A numerical variable has an absolute reference if it has a meaningful zero—that is, a zero that means a measured quantity of none—against which we reference all other measurements of that variable. For the numerical variables in Table \(\PageIndex{1}\), weight (oz), number yellow, % red, and total M&Ms are ratio variables because each has a meaningful zero; year is an interval variable because its scale is referenced to an arbitrary point in time, 1 BCE, and not to the beginning of time.

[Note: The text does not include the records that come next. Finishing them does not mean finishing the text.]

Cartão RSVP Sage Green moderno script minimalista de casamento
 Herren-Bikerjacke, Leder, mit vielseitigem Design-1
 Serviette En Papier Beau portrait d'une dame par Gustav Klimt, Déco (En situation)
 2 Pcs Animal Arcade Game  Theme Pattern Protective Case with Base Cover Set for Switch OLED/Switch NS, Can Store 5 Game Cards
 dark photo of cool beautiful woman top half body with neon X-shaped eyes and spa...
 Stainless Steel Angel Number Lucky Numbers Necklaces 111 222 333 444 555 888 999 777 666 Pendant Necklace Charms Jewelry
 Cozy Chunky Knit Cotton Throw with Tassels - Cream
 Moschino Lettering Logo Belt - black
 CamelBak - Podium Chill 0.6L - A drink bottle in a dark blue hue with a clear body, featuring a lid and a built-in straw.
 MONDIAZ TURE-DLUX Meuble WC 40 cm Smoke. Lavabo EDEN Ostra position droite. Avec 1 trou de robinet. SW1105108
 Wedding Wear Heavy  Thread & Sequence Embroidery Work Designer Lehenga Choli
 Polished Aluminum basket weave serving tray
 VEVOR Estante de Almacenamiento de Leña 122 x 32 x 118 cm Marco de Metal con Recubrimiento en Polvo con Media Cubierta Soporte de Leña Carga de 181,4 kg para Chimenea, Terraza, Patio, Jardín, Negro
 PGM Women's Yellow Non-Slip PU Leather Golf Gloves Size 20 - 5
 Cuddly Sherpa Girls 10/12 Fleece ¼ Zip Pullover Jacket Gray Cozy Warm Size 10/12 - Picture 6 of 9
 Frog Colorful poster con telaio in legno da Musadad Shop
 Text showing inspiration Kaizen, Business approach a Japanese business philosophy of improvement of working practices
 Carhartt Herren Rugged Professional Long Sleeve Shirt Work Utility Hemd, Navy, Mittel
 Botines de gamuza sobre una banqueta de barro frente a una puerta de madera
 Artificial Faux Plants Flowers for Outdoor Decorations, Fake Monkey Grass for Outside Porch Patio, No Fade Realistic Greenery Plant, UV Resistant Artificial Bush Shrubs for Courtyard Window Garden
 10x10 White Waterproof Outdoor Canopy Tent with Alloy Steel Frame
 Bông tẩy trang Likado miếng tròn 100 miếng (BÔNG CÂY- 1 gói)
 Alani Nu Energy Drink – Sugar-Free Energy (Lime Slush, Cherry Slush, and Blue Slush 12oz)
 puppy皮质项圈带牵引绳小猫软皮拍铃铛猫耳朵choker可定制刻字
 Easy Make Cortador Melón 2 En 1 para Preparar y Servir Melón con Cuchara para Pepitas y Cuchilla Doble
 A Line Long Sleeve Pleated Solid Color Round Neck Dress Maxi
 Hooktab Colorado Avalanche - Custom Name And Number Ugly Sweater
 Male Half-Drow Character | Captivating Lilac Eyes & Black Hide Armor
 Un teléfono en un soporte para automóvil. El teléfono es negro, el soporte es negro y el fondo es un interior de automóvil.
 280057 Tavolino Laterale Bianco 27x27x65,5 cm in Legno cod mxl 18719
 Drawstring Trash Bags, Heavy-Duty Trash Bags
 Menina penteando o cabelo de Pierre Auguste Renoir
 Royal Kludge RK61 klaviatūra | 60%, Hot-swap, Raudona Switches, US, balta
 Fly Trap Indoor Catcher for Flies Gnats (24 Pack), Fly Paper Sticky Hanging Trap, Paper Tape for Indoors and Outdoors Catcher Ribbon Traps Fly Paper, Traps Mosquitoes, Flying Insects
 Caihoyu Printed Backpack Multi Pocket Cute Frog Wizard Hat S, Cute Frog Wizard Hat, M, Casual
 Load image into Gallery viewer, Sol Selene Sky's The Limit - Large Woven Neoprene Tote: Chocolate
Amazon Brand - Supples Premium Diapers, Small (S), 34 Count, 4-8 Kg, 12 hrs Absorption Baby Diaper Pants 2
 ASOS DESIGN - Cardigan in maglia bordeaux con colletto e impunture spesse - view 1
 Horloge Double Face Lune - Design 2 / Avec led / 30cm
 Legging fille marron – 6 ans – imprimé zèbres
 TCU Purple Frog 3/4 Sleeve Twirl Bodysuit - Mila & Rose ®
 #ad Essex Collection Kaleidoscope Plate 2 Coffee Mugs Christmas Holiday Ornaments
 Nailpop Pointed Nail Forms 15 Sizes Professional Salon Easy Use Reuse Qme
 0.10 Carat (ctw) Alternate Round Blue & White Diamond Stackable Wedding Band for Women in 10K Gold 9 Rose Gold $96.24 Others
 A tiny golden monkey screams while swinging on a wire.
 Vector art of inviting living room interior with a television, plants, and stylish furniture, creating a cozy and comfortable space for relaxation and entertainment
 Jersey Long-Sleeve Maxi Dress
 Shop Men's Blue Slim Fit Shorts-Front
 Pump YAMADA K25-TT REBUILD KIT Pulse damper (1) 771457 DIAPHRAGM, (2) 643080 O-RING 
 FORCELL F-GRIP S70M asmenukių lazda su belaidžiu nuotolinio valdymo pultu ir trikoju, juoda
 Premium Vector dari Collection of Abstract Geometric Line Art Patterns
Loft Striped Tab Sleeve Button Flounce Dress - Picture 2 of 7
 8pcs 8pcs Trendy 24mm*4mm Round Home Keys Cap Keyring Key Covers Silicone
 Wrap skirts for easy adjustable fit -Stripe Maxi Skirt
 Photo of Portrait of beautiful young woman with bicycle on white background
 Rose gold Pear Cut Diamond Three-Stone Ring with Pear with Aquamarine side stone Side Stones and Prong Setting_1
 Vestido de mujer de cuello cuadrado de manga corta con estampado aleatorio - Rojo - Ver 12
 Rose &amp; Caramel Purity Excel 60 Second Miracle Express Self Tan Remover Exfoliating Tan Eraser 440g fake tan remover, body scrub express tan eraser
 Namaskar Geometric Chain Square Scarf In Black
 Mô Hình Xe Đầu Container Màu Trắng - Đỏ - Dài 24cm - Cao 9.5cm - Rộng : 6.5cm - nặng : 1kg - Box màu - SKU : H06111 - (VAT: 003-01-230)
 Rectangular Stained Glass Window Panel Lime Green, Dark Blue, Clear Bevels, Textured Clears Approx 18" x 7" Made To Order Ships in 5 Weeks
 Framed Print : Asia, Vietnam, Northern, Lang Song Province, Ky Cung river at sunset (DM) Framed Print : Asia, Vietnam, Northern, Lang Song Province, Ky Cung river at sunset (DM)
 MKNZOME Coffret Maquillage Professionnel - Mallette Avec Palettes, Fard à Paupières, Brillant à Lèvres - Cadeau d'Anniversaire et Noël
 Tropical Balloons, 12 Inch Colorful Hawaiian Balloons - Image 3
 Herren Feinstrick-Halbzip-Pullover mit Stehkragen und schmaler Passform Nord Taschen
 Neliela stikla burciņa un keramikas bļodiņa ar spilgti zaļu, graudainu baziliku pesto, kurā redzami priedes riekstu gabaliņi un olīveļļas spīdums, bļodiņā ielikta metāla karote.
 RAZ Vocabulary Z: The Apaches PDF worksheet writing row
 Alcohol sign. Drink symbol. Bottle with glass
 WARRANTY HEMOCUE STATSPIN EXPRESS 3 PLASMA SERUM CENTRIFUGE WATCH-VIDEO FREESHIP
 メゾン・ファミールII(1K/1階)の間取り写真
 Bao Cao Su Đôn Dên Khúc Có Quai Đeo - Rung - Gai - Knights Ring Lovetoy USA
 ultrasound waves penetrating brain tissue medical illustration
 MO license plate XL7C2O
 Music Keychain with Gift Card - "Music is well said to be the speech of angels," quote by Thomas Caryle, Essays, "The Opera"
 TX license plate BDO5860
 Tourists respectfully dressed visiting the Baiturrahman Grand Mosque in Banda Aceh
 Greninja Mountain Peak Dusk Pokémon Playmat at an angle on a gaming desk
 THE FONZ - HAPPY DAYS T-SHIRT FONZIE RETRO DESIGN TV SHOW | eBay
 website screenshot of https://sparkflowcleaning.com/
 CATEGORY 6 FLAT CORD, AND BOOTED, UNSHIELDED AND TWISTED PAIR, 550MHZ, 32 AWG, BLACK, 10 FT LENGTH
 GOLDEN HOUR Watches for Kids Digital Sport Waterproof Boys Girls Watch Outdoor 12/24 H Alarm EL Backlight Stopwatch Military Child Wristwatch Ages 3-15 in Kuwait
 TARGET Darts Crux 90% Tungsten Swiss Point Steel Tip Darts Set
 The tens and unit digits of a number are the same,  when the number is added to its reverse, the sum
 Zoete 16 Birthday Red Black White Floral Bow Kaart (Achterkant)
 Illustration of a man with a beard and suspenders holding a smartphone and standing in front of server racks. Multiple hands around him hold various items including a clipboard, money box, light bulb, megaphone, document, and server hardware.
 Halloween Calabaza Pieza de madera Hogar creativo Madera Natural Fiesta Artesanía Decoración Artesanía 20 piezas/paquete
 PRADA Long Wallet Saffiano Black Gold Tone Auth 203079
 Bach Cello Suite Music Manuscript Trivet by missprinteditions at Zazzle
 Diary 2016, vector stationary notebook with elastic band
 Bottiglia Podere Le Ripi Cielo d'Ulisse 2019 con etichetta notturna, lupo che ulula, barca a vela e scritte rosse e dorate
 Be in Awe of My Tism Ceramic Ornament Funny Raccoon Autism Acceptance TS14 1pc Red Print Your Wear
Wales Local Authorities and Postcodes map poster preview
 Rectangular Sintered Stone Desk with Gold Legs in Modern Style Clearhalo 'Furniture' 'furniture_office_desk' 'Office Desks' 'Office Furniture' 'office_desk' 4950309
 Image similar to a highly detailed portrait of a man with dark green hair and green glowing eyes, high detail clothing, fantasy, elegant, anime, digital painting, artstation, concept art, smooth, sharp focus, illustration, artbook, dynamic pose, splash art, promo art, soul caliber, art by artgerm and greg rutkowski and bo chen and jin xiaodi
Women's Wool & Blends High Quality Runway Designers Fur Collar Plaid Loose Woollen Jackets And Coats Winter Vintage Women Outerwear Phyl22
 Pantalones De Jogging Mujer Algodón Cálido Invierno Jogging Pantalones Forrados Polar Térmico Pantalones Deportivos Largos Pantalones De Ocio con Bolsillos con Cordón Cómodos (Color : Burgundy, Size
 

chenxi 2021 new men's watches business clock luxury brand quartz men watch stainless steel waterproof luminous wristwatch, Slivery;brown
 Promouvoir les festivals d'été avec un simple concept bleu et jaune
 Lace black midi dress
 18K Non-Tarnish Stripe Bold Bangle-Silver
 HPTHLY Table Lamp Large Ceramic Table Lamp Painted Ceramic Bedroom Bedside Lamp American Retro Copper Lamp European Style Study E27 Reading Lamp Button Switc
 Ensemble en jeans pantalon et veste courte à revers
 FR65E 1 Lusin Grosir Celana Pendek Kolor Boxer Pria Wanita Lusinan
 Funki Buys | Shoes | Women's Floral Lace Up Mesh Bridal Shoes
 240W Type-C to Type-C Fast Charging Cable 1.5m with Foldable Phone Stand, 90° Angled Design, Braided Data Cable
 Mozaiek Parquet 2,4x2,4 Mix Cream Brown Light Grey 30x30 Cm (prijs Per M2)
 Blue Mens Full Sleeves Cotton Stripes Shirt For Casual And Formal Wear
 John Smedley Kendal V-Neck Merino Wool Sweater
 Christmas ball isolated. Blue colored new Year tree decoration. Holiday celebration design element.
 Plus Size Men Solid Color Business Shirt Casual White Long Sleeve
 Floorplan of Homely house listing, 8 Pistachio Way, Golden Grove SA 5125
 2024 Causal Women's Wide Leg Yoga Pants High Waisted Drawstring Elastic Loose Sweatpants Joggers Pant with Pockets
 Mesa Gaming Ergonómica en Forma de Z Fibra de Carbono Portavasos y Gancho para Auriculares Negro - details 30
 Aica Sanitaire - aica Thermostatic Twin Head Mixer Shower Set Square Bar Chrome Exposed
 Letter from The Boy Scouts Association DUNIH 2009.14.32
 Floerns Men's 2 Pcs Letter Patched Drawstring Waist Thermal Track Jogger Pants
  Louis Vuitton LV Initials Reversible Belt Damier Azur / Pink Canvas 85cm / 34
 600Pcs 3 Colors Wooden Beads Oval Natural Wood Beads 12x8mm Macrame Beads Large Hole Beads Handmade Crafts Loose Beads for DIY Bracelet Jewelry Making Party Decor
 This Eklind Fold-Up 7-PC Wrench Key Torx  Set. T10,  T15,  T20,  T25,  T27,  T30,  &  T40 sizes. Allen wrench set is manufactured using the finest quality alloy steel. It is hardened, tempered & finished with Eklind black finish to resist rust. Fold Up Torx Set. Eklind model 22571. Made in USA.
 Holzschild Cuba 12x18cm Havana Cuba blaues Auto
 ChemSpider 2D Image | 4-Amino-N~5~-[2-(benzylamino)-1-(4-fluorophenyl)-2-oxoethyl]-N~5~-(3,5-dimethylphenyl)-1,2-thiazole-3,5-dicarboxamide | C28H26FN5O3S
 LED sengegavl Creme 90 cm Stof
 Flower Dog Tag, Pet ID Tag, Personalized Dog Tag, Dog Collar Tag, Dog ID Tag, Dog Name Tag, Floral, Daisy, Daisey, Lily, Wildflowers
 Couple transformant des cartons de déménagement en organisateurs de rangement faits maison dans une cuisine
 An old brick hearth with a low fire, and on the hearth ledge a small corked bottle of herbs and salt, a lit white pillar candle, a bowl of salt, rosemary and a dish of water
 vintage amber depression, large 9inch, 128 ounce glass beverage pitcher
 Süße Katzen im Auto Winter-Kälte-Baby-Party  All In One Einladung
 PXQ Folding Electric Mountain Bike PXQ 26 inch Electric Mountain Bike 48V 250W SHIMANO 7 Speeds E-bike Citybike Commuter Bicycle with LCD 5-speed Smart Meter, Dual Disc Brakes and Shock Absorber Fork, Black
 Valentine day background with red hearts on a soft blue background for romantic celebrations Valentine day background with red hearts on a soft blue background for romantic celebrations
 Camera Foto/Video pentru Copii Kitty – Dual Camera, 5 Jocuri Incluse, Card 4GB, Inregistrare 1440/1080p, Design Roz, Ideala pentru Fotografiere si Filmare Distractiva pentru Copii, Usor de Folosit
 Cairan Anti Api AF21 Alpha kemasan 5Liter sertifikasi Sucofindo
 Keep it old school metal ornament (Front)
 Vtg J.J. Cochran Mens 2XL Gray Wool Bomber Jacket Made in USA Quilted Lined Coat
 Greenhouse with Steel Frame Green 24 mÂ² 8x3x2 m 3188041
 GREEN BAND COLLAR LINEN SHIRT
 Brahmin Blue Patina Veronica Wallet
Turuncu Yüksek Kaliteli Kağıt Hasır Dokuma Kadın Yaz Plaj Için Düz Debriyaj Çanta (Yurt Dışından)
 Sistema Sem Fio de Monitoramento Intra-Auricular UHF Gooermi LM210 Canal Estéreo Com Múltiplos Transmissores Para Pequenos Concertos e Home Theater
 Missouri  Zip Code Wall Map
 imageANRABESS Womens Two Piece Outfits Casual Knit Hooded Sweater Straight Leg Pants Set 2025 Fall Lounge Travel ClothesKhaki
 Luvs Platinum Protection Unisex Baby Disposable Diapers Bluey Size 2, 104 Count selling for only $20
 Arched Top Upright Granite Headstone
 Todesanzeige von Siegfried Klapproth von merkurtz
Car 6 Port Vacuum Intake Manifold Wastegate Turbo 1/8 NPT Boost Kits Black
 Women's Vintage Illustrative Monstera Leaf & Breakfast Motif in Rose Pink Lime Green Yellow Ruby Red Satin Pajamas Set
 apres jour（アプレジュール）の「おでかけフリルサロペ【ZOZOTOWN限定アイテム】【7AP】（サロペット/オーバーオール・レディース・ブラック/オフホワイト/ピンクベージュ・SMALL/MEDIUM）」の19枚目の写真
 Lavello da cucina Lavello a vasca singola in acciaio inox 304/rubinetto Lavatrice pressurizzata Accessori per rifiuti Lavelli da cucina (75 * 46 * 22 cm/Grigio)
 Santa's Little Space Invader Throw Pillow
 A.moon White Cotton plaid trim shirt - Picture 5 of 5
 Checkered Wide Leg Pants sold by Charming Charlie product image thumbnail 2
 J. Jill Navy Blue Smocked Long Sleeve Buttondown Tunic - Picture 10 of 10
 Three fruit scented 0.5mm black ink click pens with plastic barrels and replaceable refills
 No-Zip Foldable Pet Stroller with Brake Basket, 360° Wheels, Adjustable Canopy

For a ratio variable, we can make meaningful absolute and relative comparisons between two results, but only meaningful absolute comparisons for an interval variable. For example, consider sample e, which was collected in 1994 and has 331 M&Ms, and sample d, which was collected in 2000 and has 24 M&Ms. We can report a meaningful absolute comparison for both variables: sample e is six years older than sample d and sample e has 307 more M&Ms than sample d. We also can report a meaningful relative comparison for the total number of M&Ms—there are

\[\frac{331}{24} = 13.8 \times \nonumber\]

as many M&Ms in sample e as in sample d—but we cannot report a meaningful relative comparison for year because a sample collected in 2000 is not

\[\frac{2000}{1994} = 1.003 \times \nonumber\]

older than a sample collected in 1994.

Discrete vs. Continuous Data

Finally, the granularity of a numerical variable provides one more way to describe our data. For example, we can describe a numerical variable as discrete or continuous. A numerical variable is discrete if it can take on only specific values—typically, but not always, an integer value—between its limits; a continuous variable can take on any possible value within its limits. For the numerical data in Table \(\PageIndex{1}\), year, number yellow, and total M&Ms are discrete in that each is limited to integer values. The numerical variables weight (oz) and % red, on the other hand, are continuous variables. Note that weight is a continuous variable even if the device we use to measure weight yields discrete values.